● **WHAT TO DO**
From the line below that contains "通城学典：高中语文阅读组合训（高考课标版 2017版）" to the line that contains "Native Check�������2026���°汾v2.8.4 ��Ѱ��ͼ", repeat every line exactly, both ends included, and nothing else.

● **PROVIDED RECORDS**

-=-=-

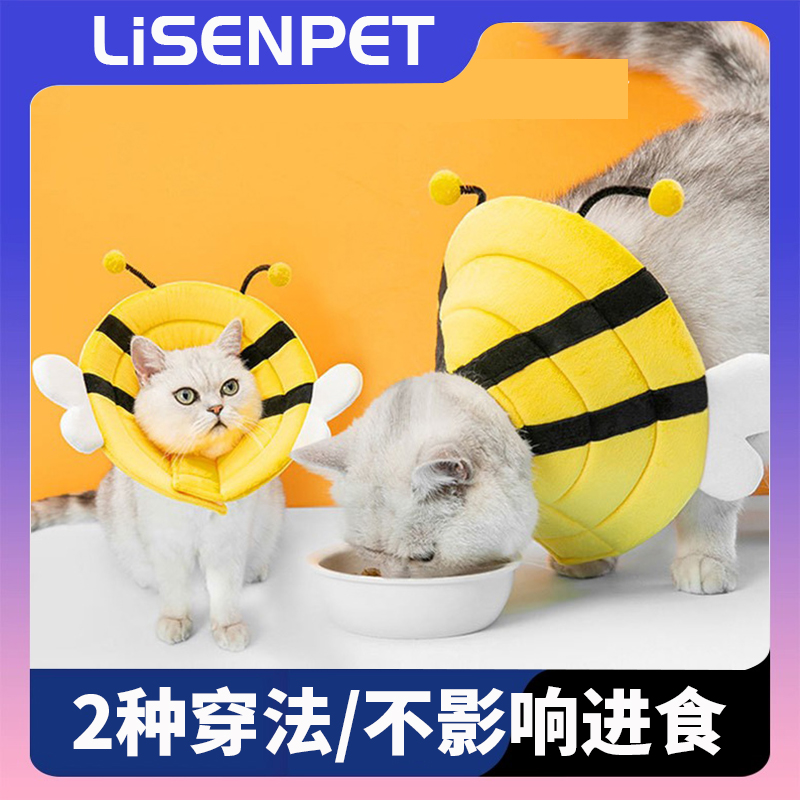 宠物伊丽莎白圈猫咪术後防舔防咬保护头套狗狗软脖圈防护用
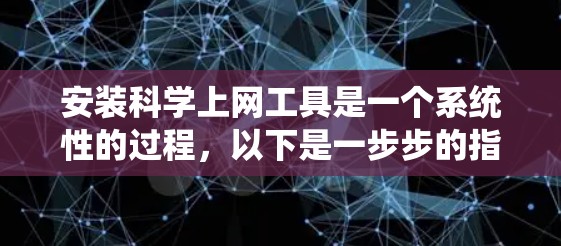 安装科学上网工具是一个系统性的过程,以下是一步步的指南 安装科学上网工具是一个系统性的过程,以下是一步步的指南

-=-=-

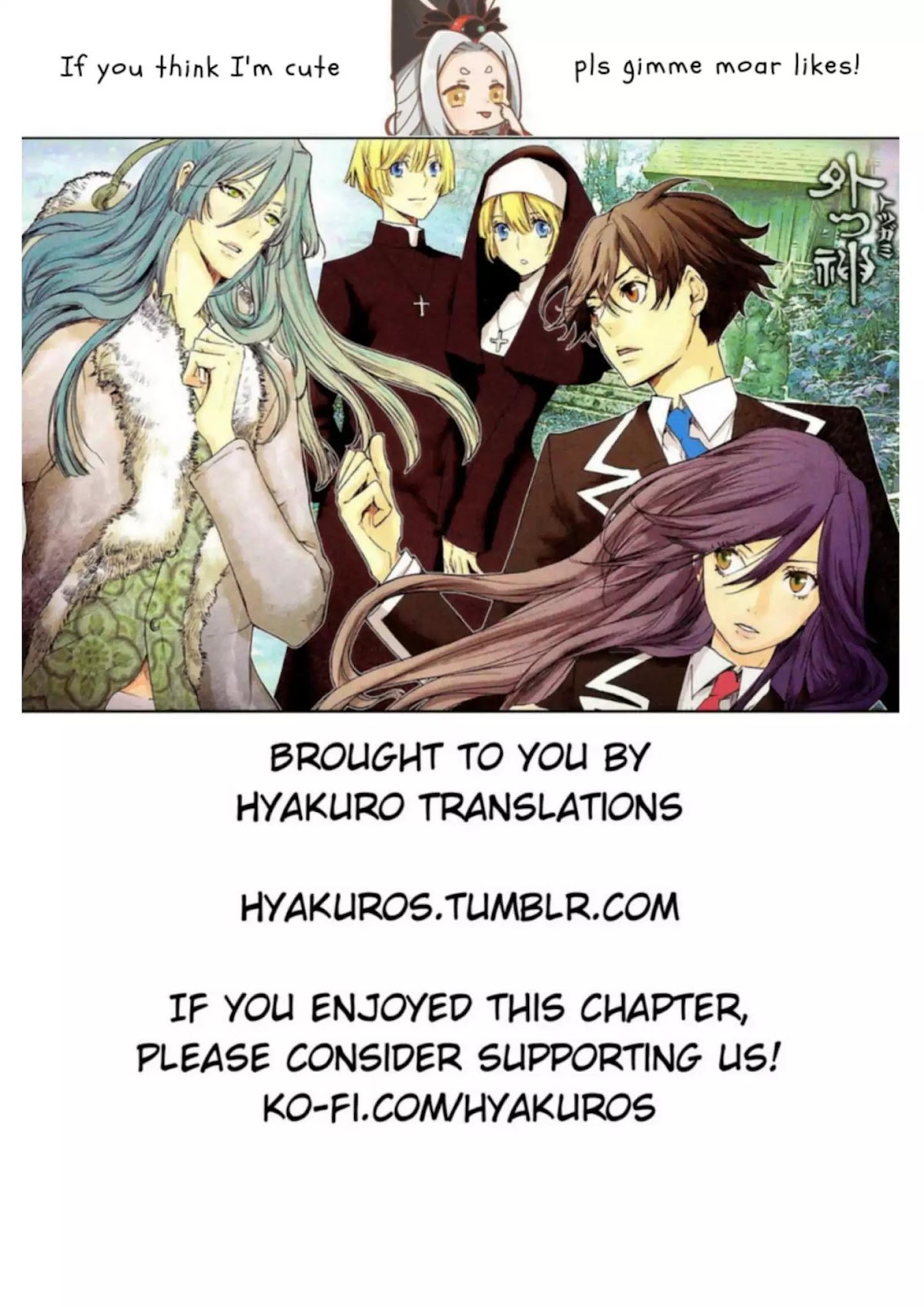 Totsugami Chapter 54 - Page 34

-=-=-

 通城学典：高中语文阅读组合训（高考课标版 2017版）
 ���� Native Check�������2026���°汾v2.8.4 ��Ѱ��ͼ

-=-=-

● **EXERCISE SOLUTION**
 通城学典：高中语文阅读组合训（高考课标版 2017版）
 ���� Native Check�������2026���°汾v2.8.4 ��Ѱ��ͼ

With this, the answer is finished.